The book that got me off my backside from talking and thinking about writing a crime novel to actually doing it was Sara Paretsky's debut novel Indemnity Only. I'd never read a book like this before. Paretsky was one of the first, and arguably the best, of the new wave of American feminist crime writers in the 1980s, and I loved the character VI Warshawski, because here was a female protagonist who had a brain and a sense of humour and agency. She didn't have to rely on the guys to get her out of trouble or to do the heavy lifting. She just did it, and the other thing about that book that I was fascinated by was that it was site specific, the events of that book happened because of Chicago, because of the kind of lives that people led, because it was rooted in its setting.

So much crime fiction I'd read up to that point seemed to me to be random - it was a random murder bolted onto some random village and had no sense of belonging, of the politics, of how these things happen because of the society that they're happening in. So that was the real engine that got me moving.

One of the most powerful and influential books has been Jane Austen's Emma. Austen was one of the writers I studied in my first year of Oxford, and I loved the books then, and I particularly loved Emma. They spoke to me of where I was in life at that point. I re-read them when I was starting to think about writing my own fiction, because one of the things I loved about Austen was the way she told stories, and I wanted to figure out how she structured her books in such a way that made us care about moving forward in the story. And again I felt these were books that speak to me here, now, where I am in my life.

When I did a reworking of Northanger Abbey a few years ago, the brief I was given was to use the characters and events of the book but tell it in a contemporary setting. So of course I re-read the original, and I found that re-reading it as a woman in my 50s and as a mother in my 50s I came to it with a completely different eye, but it still said something to me. And I think that's one of the reasons for her popularity; that she had the gift of writing books that spoke to people wherever they are in their lives.

There is something in there that will speak to who you are and what's happening in your emotional life, and touch on your experiences, and I think that's a remarkable gift. I don't know how she pulled it off, and I wish I did know, because it's certainly a gift I wouldn't mind having myself.

The book that in many respects changed my life was Kate Millett's Sexual Politics. It's fundamentally a book of literary criticism - that's what I was spending my days doing as an undergraduate, reading literary criticism of various sorts of traditional approaches. And this book blew the top of my head off.

Up to that point every type of literary criticism I had read, apart from Virginia Woolf, was from a patriarchal point of view, and that was the accepted position. Up to that point there was not much place for women in the world of literature. You could write your wee crime novel, your wee historical novel or your wee romantic fiction, but you could never be a proper writer. What Millett did was unpick that, and say there was a way of looking at literature in a critical way that finds a place for women. It changed the way that I saw the world. It made me a feminist and, as I've said before, the feminists brought me to lesbians. So it changed my life.

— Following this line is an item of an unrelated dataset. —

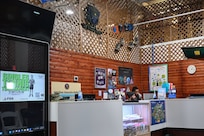 outdoor recreation staff helps with winter rentals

Ultimately what makes crime fiction work is character, and I like a book where I get engaged with the characters, where I care about the characters; a book that when I close it, I'm thinking, "Well, how do they go forward from that?" And so the book I've often said I would take to a desert island is Robert Louis Stevenson's Treasure Island, because to me that's the book that has everything.

It's beautifully written, great story, adventure, excitement, suspense, wonderful characters - I mean, everybody's heard of Long John Silver. But at the end of Treasure Island, Long John Silver's still out there, and there' s still treasure on the island. What's not to love about that? You've had this great story which has a resolution, but there's still that sense in the back of your head that this could go anywhere.